Keeping this one short. (Edit: lol no)
Yes, risk-free rates used to be substantially higher. Here’s the history of 30-year risk-free bond rates since 1980:
Sure, but the Fed is targeting ~2% inflation and they’ve consistently undershot that goal. Moreover, if you believe that risk-free rates are going to increase dramatically, you can (and probably should) just bet directly on that outcome via inflation-protected bonds (TIPS).
Yes, as much fun as it is to dunk on Trump for all the dumb shit he says, he was (accidentally?) right about Fed rates. I think the Fed is and should be an independent entity and therefore not subject to any president’s strong arming. But rates should have been lower during the Obama term.
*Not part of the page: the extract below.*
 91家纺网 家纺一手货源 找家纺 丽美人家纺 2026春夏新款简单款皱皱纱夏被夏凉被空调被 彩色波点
I’ll try to be briefer and non-repetitive. But, again, the current value of an asset is equal to the present value of its future cash flows. The further in the future a cash flow is, the less it’s worth right now. The easiest way to think about why stock prices go up is that every year that goes by, those future cash flows are getting closer and therefore more valuable. How much more valuable does a future cash flow get each year? By the discount rate used (by the market) to value those future cash flows.
A firm’s stock returns are absolutely not equal to their average earnings growth plus inflation. If you have two firms:
- Firm A, with very high earnings growth
- Firm B, with very low earnings growth
and you discount their future cash flows with the same discount rate, then their change in value each year should be that discount rate. Firm A won’t generate higher stock returns just because it has higher earnings growth. Firm A will have a higher P/E ratio because investors are (correctly) willing to pay more per current dollar of earnings for a higher-growing earnings stream. But over time, both firms (if correctly valued) will generate the same stock returns (i.e., equal to the discount rate used to value them).
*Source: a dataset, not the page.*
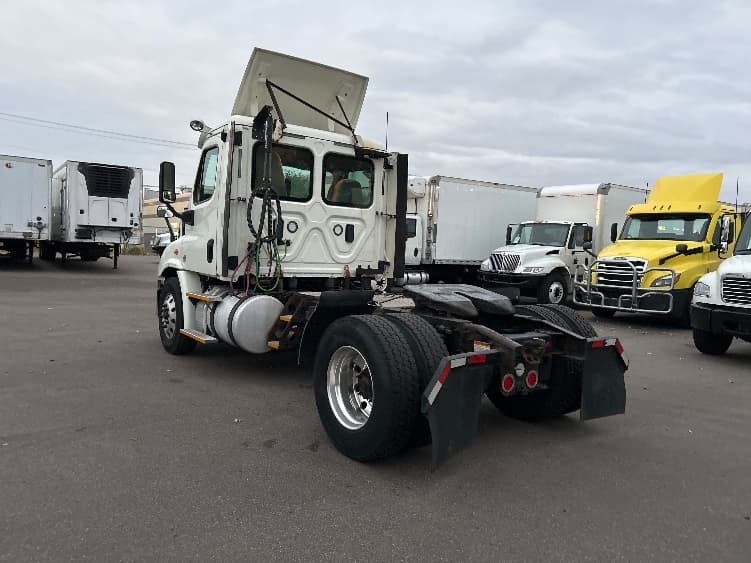 2017 Freightliner Cascadia in Brooklyn Park, MN — photo 5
Usually when people talk about the risk premium, it means the premium that you’d require to invest in the aggregate stock market, with all of the diversification benefits that you get from owning hundreds/thousands of firms. If you want to invest in individual stocks, you should require a higher rate of return to compensate for your single-stock risk. That means using a higher discount rate.
As for the appropriate risk-free rate, you generally want to use the longest-horizon risk-free asset you can find. So I’d say either the 10-year or 30-year U.S. treasury. Right now, that’s an insanely-low rate of about 1.3%.
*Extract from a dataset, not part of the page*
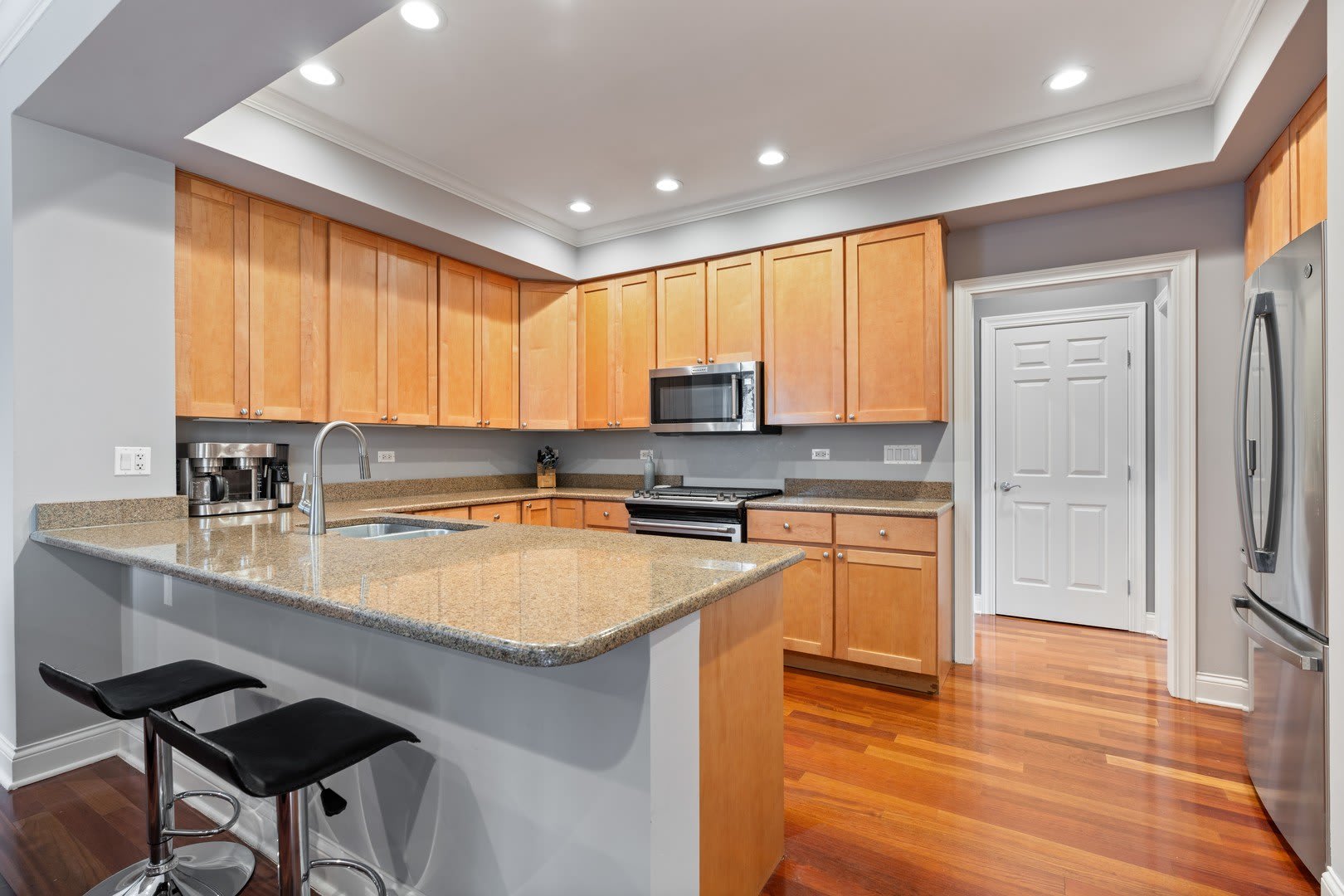 1056 W Lawrence Avenue – photo 4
What earnings growth rate do you use? This is where things get messy because the 1/(r-g) formula from above assumes a constant rate of growth forever. That’s not a realistic assumption for firms like Apple/Amazon that are experiencing high growth right now - they can’t continue that growth in pepetuity. What you would generally do is use a multi-period model where you estimate realistic growth over the near term, then assume a low “terminal” rate of growth that, mechanically, has to be less than the long-term rate of growth in GDP. (Otherwise, you’d end up forecasting that your individual company would take over the entire economy.)
So for Apple, you might project:
3 years of 15% growth
Another 5 years of 10% growth
8 years of 6% growth
After that, permanent 3% growth
That makes the math a little more complicated, but it’s still pretty trivial to whip up in Excel. (With an 8% discount rate, that series of cash flows would warrant a P/E ratio of 40.) But the key here is that your expected stock return each period is the discount rate you’d use to value those future cash flows - you WILL NOT earn higher stock returns in the first 3 years just because earnings growth is higher.
Note to pedants: This is all complicated by the difference between earnings and free cash flows, the presence of significant non-operating assets, and the effects of dividends/buybacks on projected earnings growth and share count.